3.  Transmetropolitan -- A current favorite of mine, despite being out for several years, is a 60-issue cyberpunk series by Warren Ellis and Darick Robertson.  It chronicles the struggles of Spider Jerusalem, infamous renegade gonzo journalist of the future, an homage to gonzo journalism founder Hunter S. Thompson.  Spider dedicates himself to fighting the corruption and abuse of power of two successive United States presidents.  Together with his female "filthy assistants," Spider wages a crusade to keep this near-futuristic world from becoming worse than it already is while dealing with the trappings of fame and power, brought about due to the popularity of his articles.  It's a great series disturbingly relevant to today's social and political climate, but the sheer outrageousness could only work on HBO, Showtime or possibly Starz.

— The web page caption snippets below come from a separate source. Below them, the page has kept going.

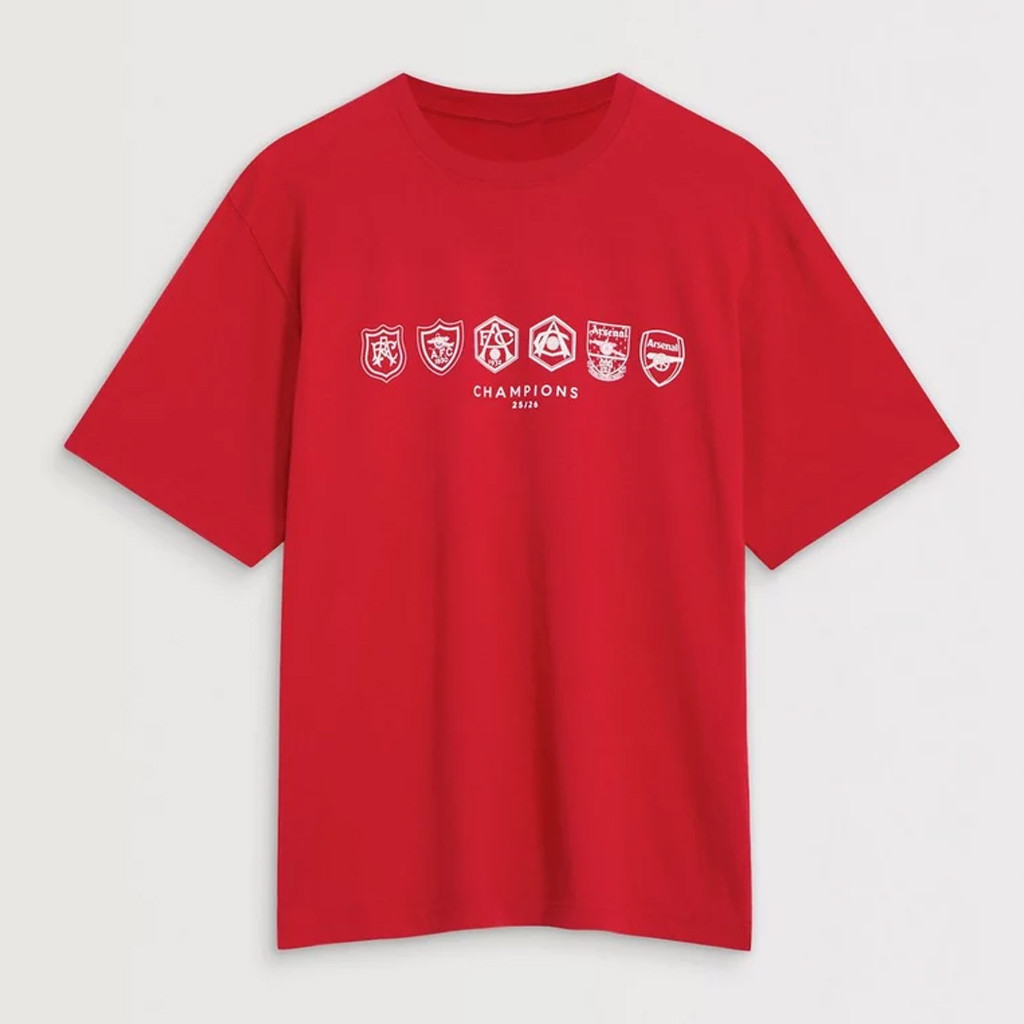 Arsenal Champions Shirt Arsenal Where We Belong 25 26 Red T-Shirt Gifts For Gooners
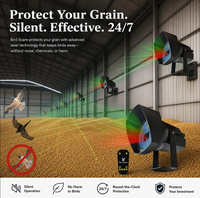 120 °   Répulsif laser rotatif pour oiseaux, système de dissuasion pour fermes et rizières, protection tout au long de la journée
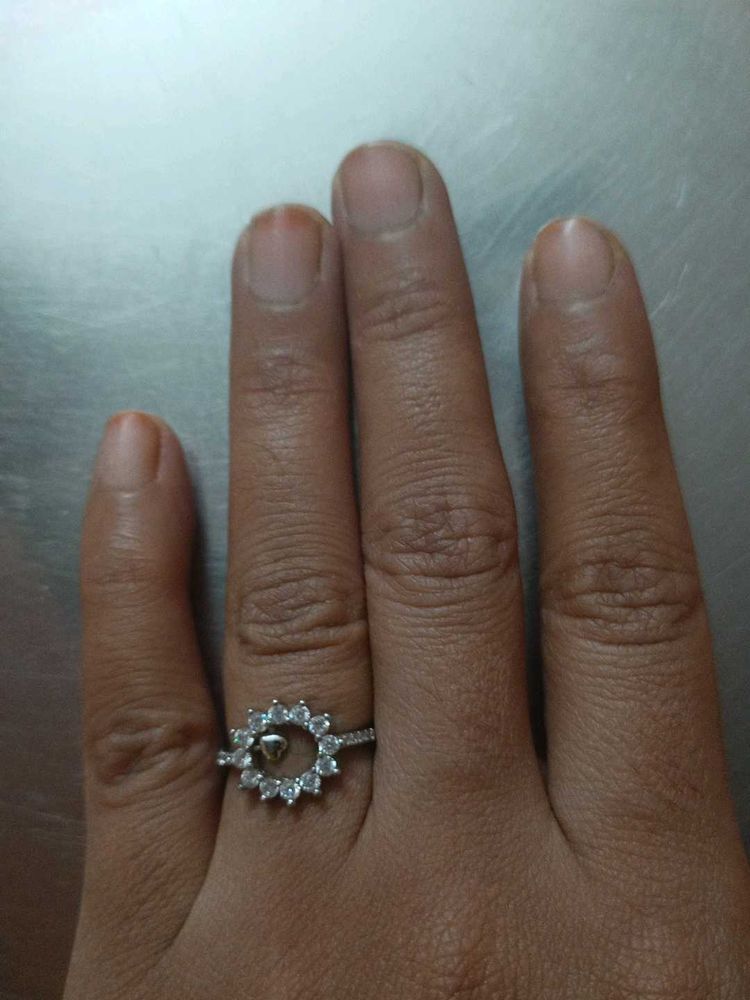 Italian pur Silver 925 Ring with Crystals💕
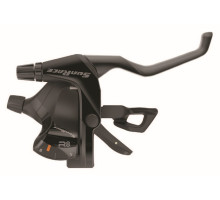 Моноблок SunRace F803 левый, 3 скорости, совместимый с V-Brake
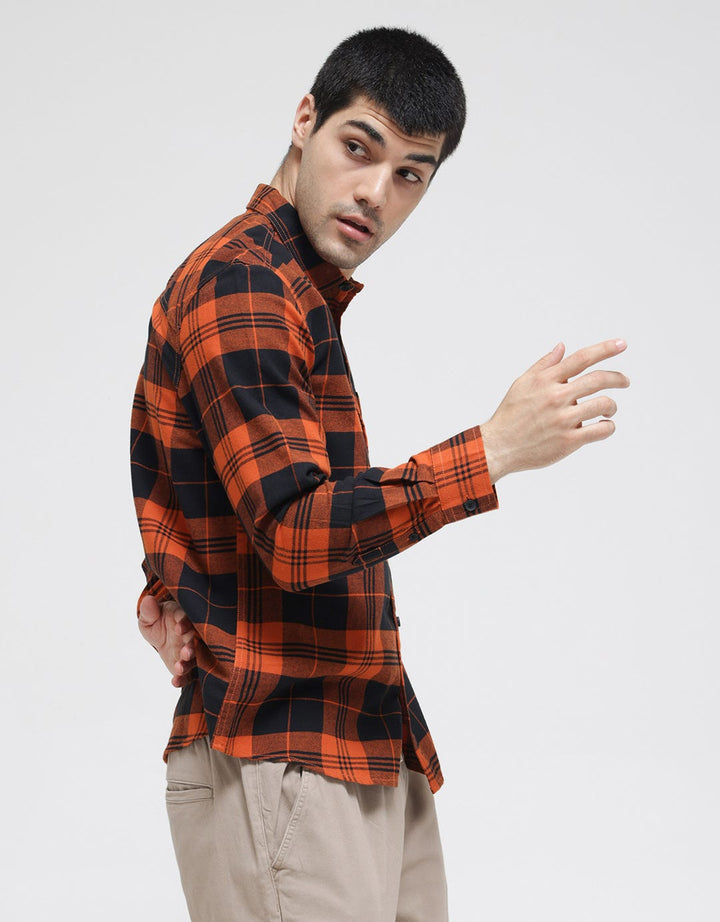 Nevada Long Sleeve Checked Flannel Shirt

4.  Starman -- No, not the old series starring Robert Hays based on the movie starring Jeff Bridges.  This modern classic by James Robinson, Tony Harris and Peter Snejbjerg features the 80-issue saga of Jack Knight, son of the original Starman, Ted Knight, reluctantly taking over his father's mantle after the death of his older brother David.  As something of a "black sheep" of the Knight family with a fondness for antique collectibles rather than superheroics, Jack gradually adjusts to his new role as the protector of Opal City in a layered generational saga reaching to all ends of the DC Comics universe.  Interestingly, this almost became a TV series, until the WB's adaptation of DC's Birds of Prey tanked in the ratings and the project was shelved.  I feel AMC would be the perfect home for such a series, but failing that, it would be a good fit for either FX or TNT.

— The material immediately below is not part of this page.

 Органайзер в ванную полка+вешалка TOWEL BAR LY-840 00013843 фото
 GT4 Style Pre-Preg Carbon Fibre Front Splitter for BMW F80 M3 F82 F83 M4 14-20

5.  Global Frequency -- Another series by writer Warren Ellis along with various artists, this is a science-fiction series about an independent, covert intelligence organization headed by a former intelligence agent who uses the alias of Miranda Zero.  There are reportedly 1,001 people on the Global Frequency, forming an active on-call team communicating by specially modified video mobile phones hrough a central dispatch system coordinated by a young woman code-named Aleph.  The purpose of the organization is to protect and rescue the world from the consequences of the various secret projects that the governments of the world have established, which are unknown to the public at large.  The basic premise here is Mission: Impossible meets The X-Files and this also almost became a WB television series, even getting to an actual pilot episode starring Michelle Forbes as Miranda Zero.  I have to think that FX, TNT or even FOX (provided FOX could keep from cancelling it within 6 episodes or less) would be a good home for such a series.
So those are my suggestions.  How about yours?